Ainsi, lorsqu’une équipe d’IA construit quelque chose de véritablement utile et se heurte ensuite à un mur en essayant de le mettre en production, ce mur constitue le modèle opérationnel. Ce n’est pas un problème de personnes. C'est un problème d'architecture.
Qu'est-ce qui est réellement construit en ce moment
Avant d’expliquer pourquoi les choses échouent, il convient de nommer ce que les entreprises testent réellement. Parce que le côté technologique est légitimement intéressant en ce moment.
Les technologies qui font du bruit
La liste des technologies que les entreprises testent activement à l’heure actuelle est véritablement longue. Ce n’est pas de la spéculation ; il est visible dans les offres d’emploi, les appels sur les résultats et les ordres du jour des conférences.
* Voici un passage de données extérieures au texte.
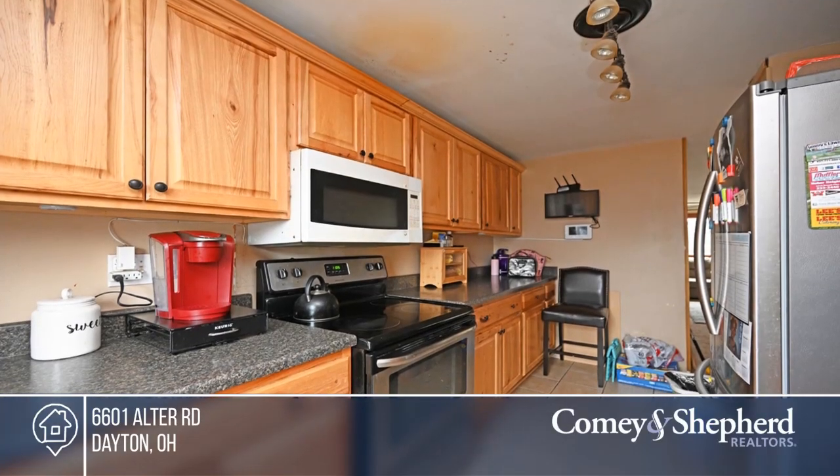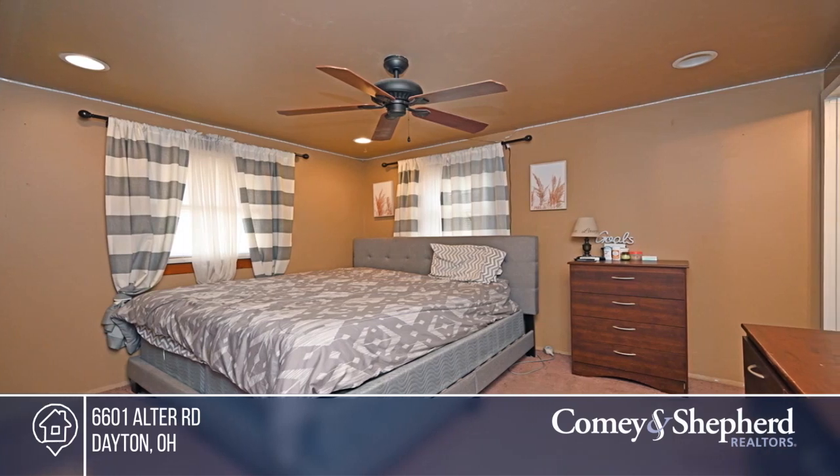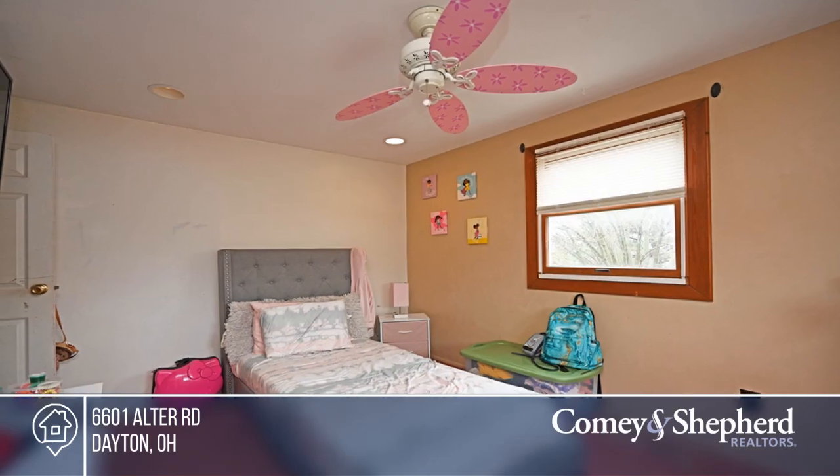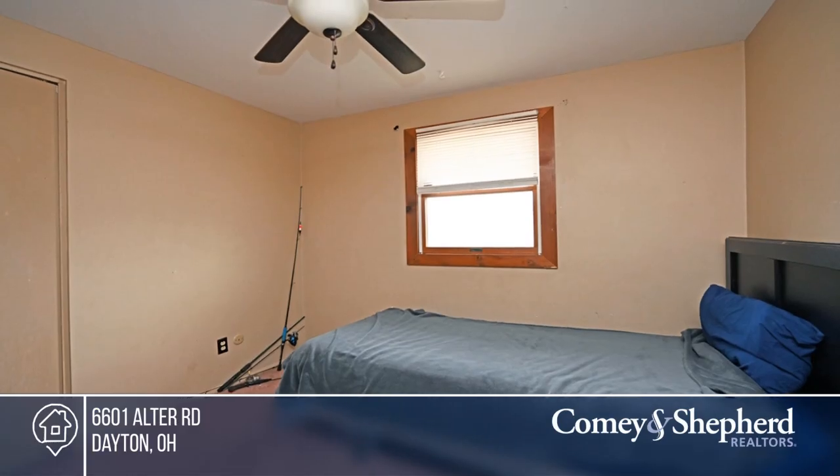Relax in the ambiance of this lovely home. Its airy interior and spacious open floor plan offers large rooms, gas heat and four bedrooms. Enjoy the outdoors on the covered front porch or in the large fully fenced yard with a patio.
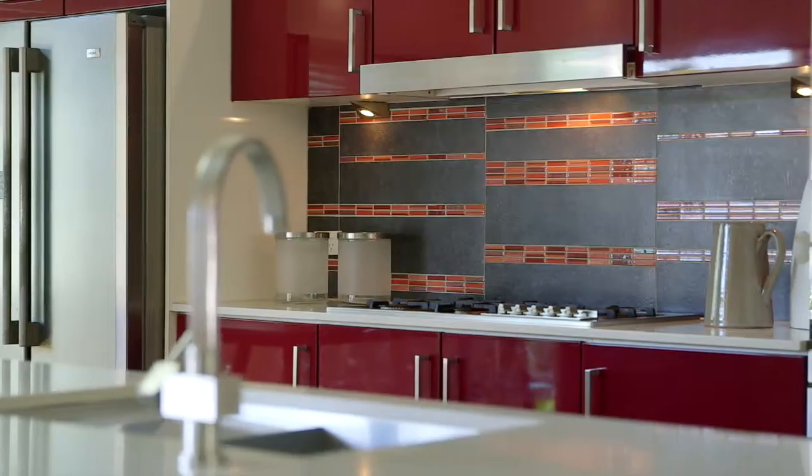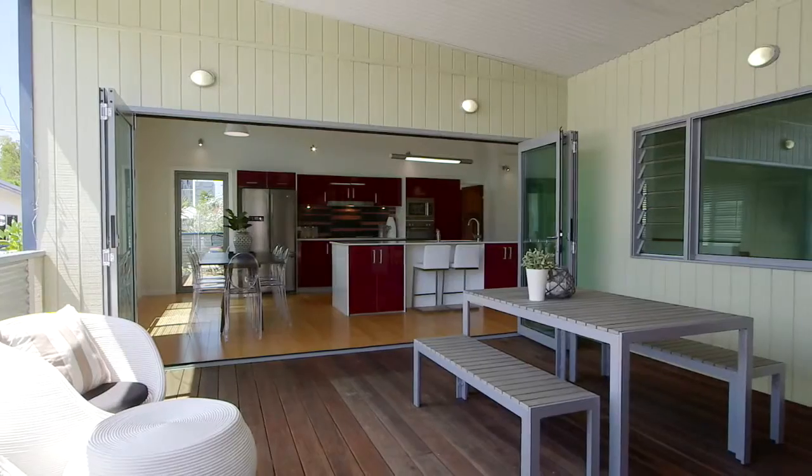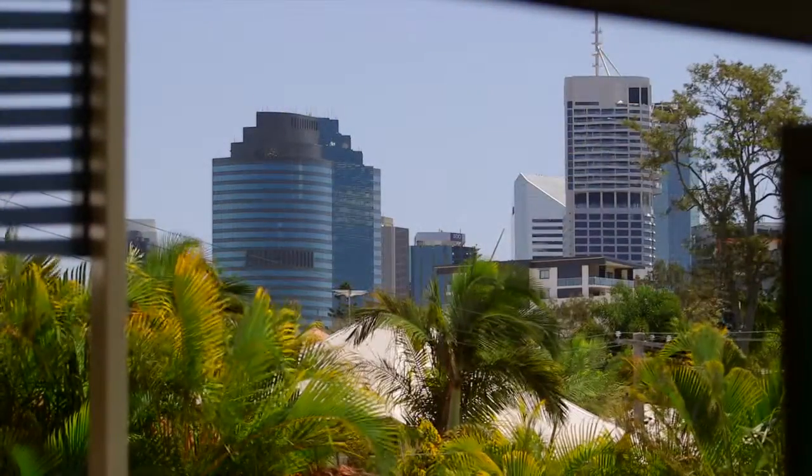Upstairs you have this spacious kitchen area adjoining multiple indoor and outdoor living areas, including this perfect north-facing entertaining deck enjoying the city glimpses.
- L'IA générative dans les opérations.Des entreprises comme JPMorgan Chase et Goldman Sachs ont bien dépassé « l’exploration » de l’IA générative. La plateforme COIN de JPMorgan traite les documents juridiques à la vitesse d’une machine depuis des années. Ce qui est plus récent, c'est l'application des LLM à la gestion des connaissances internes, à la révision du code et au tri du service client, qui sont tous trois en cours de déploiement actif dans les grandes entreprises.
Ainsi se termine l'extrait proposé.